29. The composite conductor of claim 28, wherein the fourth
material belongs to the group of materials of the first
material.
30. Composite conductor of claim 29, wherein the fourth and the
first materials are equal.
31. The composite conductor of claim 28, wherein at least one of
the third and fourth materials belongs to the group of materials of
the second material and wherein the second and third materials are
equal.
32. The composite conductor of claim 28, wherein at least one of
the third and fourth materials belongs to the group of materials of
the second material, and wherein the second and fourth materials
are equal.
33. The composite conductor of claim 28, wherein at least one of
the third and fourth materials belongs to the group of materials of
the second material, and wherein the third and fourth materials are
equal.
34. The composite conductor of claim 27, wherein at least one
ending of the composite conductor the respective end sleeve is
connected to the jacket by at least one of welding, rolling over,
and grouting.
35. The composite conductor of claim 27, wherein at least one
ending of the composite conductor the respective end sleeve is
connected to the core by at least one of welding, rolling over, and
grouting.
36. The composite conductor of claim 1, wherein the composite
conductor including its terminals do not have any end sleeve.

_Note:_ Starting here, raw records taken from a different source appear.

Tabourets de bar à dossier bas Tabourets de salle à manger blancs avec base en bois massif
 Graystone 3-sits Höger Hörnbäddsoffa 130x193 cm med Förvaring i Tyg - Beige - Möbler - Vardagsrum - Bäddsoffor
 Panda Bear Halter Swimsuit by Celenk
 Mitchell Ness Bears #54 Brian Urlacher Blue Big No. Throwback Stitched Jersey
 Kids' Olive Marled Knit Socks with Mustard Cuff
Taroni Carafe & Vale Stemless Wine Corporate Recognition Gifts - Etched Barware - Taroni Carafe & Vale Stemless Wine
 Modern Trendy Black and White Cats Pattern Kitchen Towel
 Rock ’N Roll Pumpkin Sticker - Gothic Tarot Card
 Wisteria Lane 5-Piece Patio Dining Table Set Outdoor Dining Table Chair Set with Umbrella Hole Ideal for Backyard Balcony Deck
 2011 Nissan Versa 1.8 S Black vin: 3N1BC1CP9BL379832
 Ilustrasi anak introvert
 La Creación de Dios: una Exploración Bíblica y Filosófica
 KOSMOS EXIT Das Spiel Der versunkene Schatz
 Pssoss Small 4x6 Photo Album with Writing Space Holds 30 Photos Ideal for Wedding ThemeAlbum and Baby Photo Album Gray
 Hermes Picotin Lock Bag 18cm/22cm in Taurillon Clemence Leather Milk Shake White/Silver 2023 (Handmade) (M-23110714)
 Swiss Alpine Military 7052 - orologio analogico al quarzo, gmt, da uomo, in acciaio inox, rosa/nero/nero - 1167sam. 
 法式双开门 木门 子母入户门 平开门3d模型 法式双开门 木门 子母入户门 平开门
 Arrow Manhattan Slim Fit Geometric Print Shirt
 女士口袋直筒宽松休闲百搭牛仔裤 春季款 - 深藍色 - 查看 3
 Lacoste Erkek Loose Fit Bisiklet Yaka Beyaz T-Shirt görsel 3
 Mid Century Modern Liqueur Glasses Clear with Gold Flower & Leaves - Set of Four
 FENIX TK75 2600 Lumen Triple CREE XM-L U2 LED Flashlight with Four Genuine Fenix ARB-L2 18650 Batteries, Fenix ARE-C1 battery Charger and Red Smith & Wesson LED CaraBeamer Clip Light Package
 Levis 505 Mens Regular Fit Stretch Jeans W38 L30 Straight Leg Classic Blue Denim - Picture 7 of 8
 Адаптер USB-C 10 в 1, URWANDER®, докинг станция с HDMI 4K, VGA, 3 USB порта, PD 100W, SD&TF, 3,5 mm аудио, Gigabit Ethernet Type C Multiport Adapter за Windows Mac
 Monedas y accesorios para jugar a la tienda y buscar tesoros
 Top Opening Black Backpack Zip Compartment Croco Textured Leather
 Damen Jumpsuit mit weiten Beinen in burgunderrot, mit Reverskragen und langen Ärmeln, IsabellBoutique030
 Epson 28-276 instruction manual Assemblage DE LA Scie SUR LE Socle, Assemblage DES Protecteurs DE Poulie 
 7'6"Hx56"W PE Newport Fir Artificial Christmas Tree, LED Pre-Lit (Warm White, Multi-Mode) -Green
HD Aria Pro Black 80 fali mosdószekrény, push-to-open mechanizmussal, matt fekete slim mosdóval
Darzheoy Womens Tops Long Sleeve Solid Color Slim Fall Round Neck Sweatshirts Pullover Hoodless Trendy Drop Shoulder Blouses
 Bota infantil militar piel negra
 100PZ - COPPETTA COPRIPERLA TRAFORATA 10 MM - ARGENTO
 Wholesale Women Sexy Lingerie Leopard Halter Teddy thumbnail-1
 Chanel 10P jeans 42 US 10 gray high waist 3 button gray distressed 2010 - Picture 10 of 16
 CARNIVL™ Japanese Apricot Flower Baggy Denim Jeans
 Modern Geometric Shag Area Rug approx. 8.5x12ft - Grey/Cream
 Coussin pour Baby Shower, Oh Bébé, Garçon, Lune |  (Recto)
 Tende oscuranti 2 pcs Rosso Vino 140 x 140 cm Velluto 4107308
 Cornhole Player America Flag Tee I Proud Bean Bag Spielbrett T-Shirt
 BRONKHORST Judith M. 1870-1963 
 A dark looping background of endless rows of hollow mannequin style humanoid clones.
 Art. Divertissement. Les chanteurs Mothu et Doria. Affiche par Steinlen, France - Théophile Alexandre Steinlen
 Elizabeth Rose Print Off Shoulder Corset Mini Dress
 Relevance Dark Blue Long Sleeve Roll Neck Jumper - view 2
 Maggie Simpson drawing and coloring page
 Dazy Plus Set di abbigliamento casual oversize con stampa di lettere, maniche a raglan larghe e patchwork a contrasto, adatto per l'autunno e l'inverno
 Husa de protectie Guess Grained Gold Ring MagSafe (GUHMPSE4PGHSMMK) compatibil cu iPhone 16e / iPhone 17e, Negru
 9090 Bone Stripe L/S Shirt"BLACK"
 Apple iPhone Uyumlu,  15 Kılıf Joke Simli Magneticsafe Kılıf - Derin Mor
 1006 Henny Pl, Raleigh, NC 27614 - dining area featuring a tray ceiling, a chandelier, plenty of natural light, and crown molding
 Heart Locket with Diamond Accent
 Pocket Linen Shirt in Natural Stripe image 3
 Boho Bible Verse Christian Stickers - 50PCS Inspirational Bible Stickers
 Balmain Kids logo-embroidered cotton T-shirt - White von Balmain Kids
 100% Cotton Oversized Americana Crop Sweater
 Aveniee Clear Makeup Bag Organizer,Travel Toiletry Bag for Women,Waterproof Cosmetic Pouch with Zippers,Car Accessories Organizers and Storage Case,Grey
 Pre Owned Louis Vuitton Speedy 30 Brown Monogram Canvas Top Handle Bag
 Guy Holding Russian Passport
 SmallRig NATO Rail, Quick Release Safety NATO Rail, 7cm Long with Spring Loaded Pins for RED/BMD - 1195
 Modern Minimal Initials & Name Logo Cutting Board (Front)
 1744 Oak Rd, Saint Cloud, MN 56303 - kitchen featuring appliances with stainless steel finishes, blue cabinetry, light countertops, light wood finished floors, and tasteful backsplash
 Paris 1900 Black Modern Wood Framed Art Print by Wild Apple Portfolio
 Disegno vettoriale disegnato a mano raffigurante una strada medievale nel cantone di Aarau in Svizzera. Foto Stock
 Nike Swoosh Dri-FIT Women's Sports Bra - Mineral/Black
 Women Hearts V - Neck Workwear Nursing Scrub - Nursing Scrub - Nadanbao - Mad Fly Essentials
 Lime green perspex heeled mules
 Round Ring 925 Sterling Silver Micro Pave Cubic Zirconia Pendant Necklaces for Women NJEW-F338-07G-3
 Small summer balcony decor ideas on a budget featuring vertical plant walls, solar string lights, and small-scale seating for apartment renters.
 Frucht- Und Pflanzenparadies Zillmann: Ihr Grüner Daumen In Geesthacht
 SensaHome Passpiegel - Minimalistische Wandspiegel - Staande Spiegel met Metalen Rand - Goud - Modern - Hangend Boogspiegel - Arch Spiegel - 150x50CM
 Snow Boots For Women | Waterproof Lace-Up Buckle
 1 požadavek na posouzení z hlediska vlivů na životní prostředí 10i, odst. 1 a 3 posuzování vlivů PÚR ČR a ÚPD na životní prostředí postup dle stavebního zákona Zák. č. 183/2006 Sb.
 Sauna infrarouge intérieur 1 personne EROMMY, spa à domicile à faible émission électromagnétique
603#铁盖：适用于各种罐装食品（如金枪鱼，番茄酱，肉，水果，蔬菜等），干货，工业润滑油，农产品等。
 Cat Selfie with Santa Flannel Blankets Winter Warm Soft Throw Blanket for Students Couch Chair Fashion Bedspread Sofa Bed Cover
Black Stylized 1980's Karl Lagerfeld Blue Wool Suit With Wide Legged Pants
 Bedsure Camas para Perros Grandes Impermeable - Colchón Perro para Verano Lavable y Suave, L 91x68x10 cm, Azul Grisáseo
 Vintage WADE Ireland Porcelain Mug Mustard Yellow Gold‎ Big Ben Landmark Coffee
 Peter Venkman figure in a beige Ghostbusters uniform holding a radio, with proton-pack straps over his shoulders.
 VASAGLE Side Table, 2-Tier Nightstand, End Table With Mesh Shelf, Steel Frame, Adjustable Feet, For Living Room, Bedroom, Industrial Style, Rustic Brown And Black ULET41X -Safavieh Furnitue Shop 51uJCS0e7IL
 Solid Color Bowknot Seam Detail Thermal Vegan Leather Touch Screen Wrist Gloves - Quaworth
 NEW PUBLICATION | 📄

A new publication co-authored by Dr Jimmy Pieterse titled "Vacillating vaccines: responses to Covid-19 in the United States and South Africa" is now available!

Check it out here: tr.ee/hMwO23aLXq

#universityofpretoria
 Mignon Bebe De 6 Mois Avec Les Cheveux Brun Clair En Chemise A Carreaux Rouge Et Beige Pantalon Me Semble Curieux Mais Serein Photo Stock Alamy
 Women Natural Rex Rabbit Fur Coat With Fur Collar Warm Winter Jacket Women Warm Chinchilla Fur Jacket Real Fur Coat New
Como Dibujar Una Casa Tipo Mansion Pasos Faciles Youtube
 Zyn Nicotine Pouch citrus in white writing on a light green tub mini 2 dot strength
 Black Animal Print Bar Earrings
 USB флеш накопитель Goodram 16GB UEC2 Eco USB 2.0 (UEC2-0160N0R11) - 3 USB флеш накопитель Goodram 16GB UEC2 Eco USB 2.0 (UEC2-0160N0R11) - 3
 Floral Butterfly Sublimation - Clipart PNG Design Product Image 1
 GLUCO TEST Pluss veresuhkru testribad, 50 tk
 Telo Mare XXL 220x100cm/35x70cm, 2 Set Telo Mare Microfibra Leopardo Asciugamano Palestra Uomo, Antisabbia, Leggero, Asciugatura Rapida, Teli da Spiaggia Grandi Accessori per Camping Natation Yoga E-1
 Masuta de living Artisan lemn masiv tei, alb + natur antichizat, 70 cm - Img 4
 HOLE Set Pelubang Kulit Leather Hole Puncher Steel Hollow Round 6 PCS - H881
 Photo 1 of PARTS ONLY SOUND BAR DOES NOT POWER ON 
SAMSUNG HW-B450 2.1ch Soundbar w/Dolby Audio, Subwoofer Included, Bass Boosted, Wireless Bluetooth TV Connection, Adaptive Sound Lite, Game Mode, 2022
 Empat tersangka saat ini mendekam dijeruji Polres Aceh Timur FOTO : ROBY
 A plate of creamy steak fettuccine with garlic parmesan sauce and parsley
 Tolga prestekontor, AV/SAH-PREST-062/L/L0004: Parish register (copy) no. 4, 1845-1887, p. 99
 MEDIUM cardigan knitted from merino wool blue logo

37. The composite conductor of claim 1, wherein the jacket is
joined to the core at least one ending by at least one of welding,
rolling over, and grouting.
38. A fuel cell system having at least one fuel cell, wherein the
fuel cell system is characterized in that a composite conductor of
claim 1 is connected to the at least one fuel cell.
39. A manufacturing method for a composite conductor, wherein the
manufacturing method comprises following steps: Providing a core
made of a first material; Encasing the core by a second material
having a lower electrical conductivity than the first material;
wherein the second material is oxidation-resistant at temperatures
up to at least 600.degree. C.
40. The manufacturing method of claim 39, wherein the second
material is oxidation-resistant at temperatures up to at least
800.degree. C.
41. The manufacturing method of claim 39, wherein the second
material is oxidation-resistant at temperatures up to at least
900.degree. C.
42. The manufacturing of claim 39, wherein when encasing the core,
a gas-filled gap is left at least sectionally between the core and
the jacket.
43. The manufacturing method of claim 39, wherein when encasing the
core, a gas-filled gap is left at least sectionally between the
core and along a prevailing portion of the length of the core.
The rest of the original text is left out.